Which ties into the next observation: The resumption of the coroutines happens on an arbitrary thread. The way we’ve been coding it up, the resumption occurs on the thread that signals the event. If we queue resumptions to the thread pool, then they run on a thread pool thread. Callers need to be aware that the co_await can change thread contexts.

And then there’s the matter of abandonment. If a coroutine is destroyed while waiting for the event, we corrupt the linked list. Should we have the awaiter’s destructor unlink itself from the event’s linked list at destruction?

After thinking about this problem for a while, I eventually convinced myself that we do not need to defend against this, or at least don’t need to try very hard.

A coroutine can be destroyed only when it is in the suspended state. Therefore, in principle, a caller could destroy the coroutine while it is suspended, waiting for the event to be signaled. However, the caller would have no way of knowing whether it is safe to do so, because immediately before the caller decides to destroy the coroutine, another coroutine might have signaled the event, thereby resuming the about-to-be-destroyed coroutine.

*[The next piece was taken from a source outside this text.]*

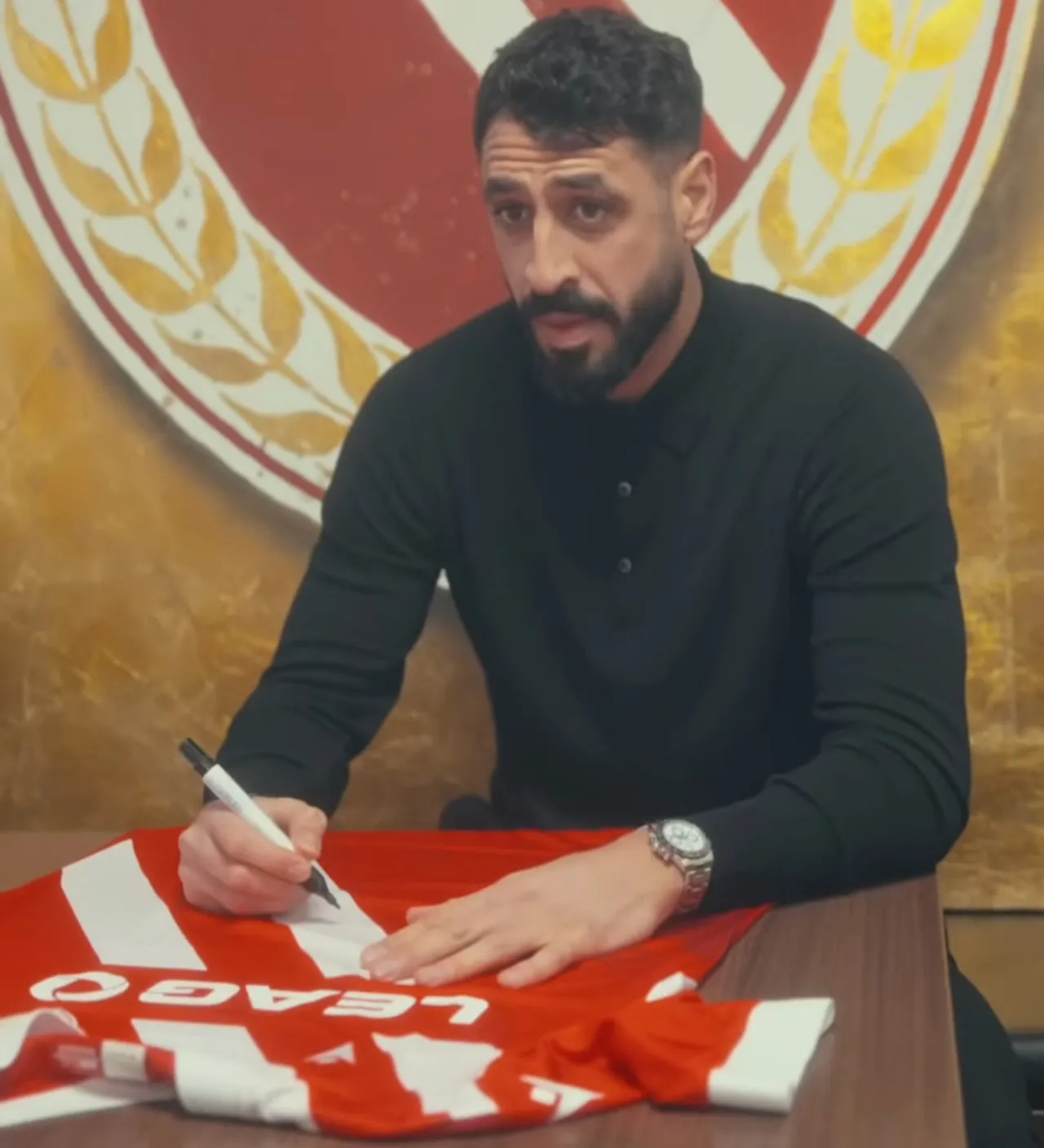 Tolga Ciğerci yeni takımına imzayı attı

The only way the caller can be sure that destroying the coroutine is safe is if they also control the event and can ensure that the event is definitely not signaled. This means that we don’t have to defend against the case where a coroutine is destroyed at the same time that an event is being signaled, which is a good thing because that race condition also turns into a race condition in our bookkeeping.

We’ll start generalizing this solution to other types of synchronization objects, and I’ll remember to include abandonment in that generalization.

Bonus chatter: Lewis Baker’s excellent coroutine library doesn’t deal with the case where an awaiting coroutine is destroyed while suspended. So maybe I’m being a bit too paranoid about this?